Atomic anniversary

War has never been more hellish than it was on this date in 1945, when 140,000 souls were vanquished beneath the atomic inferno unleashed on Hiroshima, Japan.

Three days later, on Aug. 9, another 80,000 Japanese citizens perished beneath the nuclear fireball over Nagasaki.

The dual detonations were punctuation points to six months of fire falling from the skies over Japanese cities. The Allies had adopted a strategic firebombing strategy targeting 67 cities in Japan in February 1945. The incendiary bombs were both destructive and deadly, and by July had destroyed more than 50 percent of the surface area of 32 of those cities and killed more than a half-million Japanese.

Every passing year puts more distance between us and our immutable past. As the veils of censorship, myth and propaganda fall away with time, even the firestorm over the morality (or immorality) of President Harry Truman’s decision pales against the sheer incomprehensible nature of atomic warfare.

Little more than a week ago, 11 new photos of Nagasaki taken one week after the blast were discovered. Like other pictorial records of the devastation, this new batch defies description. The silhouettes of vaporized humans left on walls and pavements. The skin hanging from seared bodies, dead and alive. The melted concrete, the twisted metal, the rubble stretching to the horizon.

Aerial before-and-after photos of both Hiroshima and Nagasaki seem quaintly unreal in our Photoshop world. Those taken prior to the first week of August display in minute detail houses and buildings and roads and cars and trees and roadways and bridges and even walkways-a ghostly black-and-white rendition of a Google Maps satellite image.

The photos taken after the bombings depict a landscape wiped clean, as if the original pictures had been carefully drawn on a huge Etch A Sketch that was then shaken, leaving only the largest landmarks like rivers or cathedrals recognizable.

So horrific were the visions captured immediately after the atomic attacks that the U.S. government clamped down on them with the utmost censorship.
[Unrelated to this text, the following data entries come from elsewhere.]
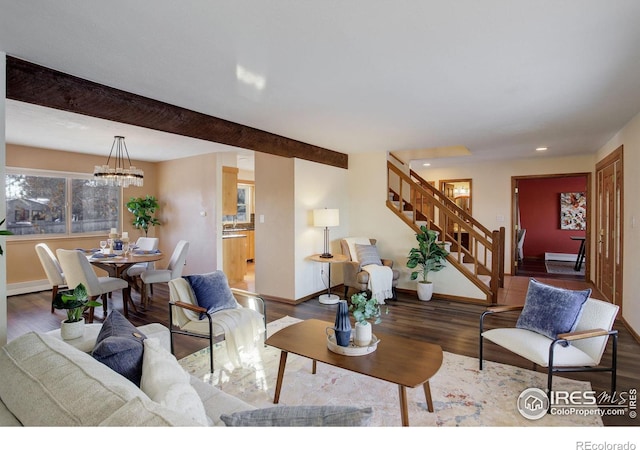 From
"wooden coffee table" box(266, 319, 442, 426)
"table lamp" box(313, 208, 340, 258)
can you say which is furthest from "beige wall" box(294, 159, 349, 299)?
"wooden coffee table" box(266, 319, 442, 426)

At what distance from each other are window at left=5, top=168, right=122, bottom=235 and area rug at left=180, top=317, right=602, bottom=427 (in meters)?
4.76

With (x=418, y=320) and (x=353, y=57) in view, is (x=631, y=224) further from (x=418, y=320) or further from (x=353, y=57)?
(x=353, y=57)

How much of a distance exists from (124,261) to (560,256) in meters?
10.3

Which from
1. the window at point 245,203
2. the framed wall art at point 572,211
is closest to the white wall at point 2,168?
the window at point 245,203

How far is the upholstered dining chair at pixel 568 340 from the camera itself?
233cm

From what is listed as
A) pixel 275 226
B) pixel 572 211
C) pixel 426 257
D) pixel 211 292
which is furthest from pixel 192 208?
pixel 572 211

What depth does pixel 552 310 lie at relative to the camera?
8.55 feet

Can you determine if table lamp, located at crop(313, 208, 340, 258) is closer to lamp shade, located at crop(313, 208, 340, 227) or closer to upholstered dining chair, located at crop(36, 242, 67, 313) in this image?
lamp shade, located at crop(313, 208, 340, 227)

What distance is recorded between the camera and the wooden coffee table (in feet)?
6.47

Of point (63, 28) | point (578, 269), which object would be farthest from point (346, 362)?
point (578, 269)

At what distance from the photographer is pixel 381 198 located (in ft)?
19.6

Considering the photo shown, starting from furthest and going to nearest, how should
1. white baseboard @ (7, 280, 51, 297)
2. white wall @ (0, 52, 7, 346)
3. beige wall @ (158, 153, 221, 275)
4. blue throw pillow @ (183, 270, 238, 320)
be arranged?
beige wall @ (158, 153, 221, 275) < white baseboard @ (7, 280, 51, 297) < blue throw pillow @ (183, 270, 238, 320) < white wall @ (0, 52, 7, 346)

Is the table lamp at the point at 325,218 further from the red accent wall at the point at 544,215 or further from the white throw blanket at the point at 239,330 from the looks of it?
the red accent wall at the point at 544,215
Despite a demeanor of victorious justification in the public eye, even Truman reportedly shuddered in his private moments at what he saw.
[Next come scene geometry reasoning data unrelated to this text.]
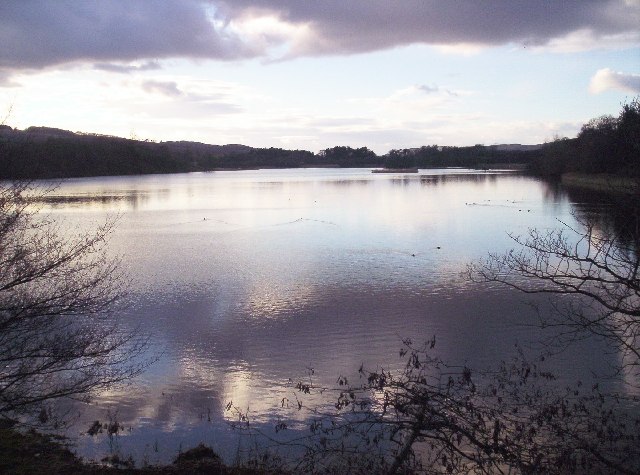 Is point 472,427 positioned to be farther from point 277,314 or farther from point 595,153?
point 595,153

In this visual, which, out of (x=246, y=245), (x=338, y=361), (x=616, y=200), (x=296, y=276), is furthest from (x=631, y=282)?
(x=246, y=245)

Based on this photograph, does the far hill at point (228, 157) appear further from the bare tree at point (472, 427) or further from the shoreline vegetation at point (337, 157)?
the bare tree at point (472, 427)

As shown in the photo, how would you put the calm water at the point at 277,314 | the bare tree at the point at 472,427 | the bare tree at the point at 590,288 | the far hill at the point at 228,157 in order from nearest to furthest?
the bare tree at the point at 472,427
the bare tree at the point at 590,288
the calm water at the point at 277,314
the far hill at the point at 228,157

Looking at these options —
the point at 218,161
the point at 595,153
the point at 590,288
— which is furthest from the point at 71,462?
the point at 218,161

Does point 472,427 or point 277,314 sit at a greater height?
point 472,427

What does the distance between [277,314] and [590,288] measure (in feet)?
21.3

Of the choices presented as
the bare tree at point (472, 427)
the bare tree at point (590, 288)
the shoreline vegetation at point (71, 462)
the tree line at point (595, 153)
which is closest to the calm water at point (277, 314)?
the shoreline vegetation at point (71, 462)

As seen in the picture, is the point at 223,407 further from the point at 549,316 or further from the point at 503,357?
the point at 549,316

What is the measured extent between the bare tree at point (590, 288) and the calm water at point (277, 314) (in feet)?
1.59

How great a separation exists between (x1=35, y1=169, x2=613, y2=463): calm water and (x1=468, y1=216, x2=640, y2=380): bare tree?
48 centimetres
The War Department had portrayed Hiroshima as a target of “military importance.” Truman himself repeated the claim immediately after the bombing. In truth, 65 percent of the instantly killed or fatally injured victims were age 9 or younger.

Even two years after the war ended, U.S. officials were careful not to let truth interfere with public perception about the use, and the results, of atomic weapons. Authors Greg Mitchell and Robert Jay Lifton noted in The Nation that the 1947 film “The Beginning or the End?” was replete with White House-dictated revisions.

For example, in its earliest scripts, the movie raised questions about the use of atomic energy as a weapon and set out to show shocking images of the burned-up cities and casualties, including a baby with a scorched face. But by the time it hit theaters, it only reinforced the answers skeptics had already been given-and took a few more liberties with the truth for good measure.

Gone were any images of victims, as if an attack with no warning over a bustling city could be a victimless event. No detail was left unmanaged for effect. The name of the plane that dropped the bomb on Nagasaki, “Bockscar,” was changed to “Necessary Evil”; the city of Nagasaki was edited out altogether. The B-29 aircraft over Hiroshima, which in reality was ignored as it approached its target, is shown in the movie being pelted with heavy flak.

In perhaps the most egregious of factual misrepresentations, the movie propagated the myth that leaflets were dropped over Hiroshima warning of the attack. Leaflets had been dropped in advance over many of the firebombing targets, as well as many that weren’t targeted, for psychological impact, but Hiroshima’s residents received no warning at all.

In fact, the primary atomic targets, Hiroshima, Nagasaki and Kokura, were all intentionally left unbombed to effectively gauge the destruction of the nuclear explosions.

Perhaps the war-weary public in the late 1940s wasn’t capable of handling the truth, but too many decades have passed now to allow the charade to continue. It’s not a sign of weakness or meanness to admit that war often brings out the worst in mankind and eliminates any real notion of moral superiority in battlefield strategy.

For the first time in the ensuing 65 years since the bombings, an official delegation from the United States government is set to attend the memorial service marking the Hiroshima anniversary. Nobody expects any sort of apology about the atomic bombing, and certainly the Japanese have plenty of atrocities for which their own apologies are long overdue. At least and at long last, if nothing else, maybe both countries can look upon that symbolic city and feel nothing but sadness.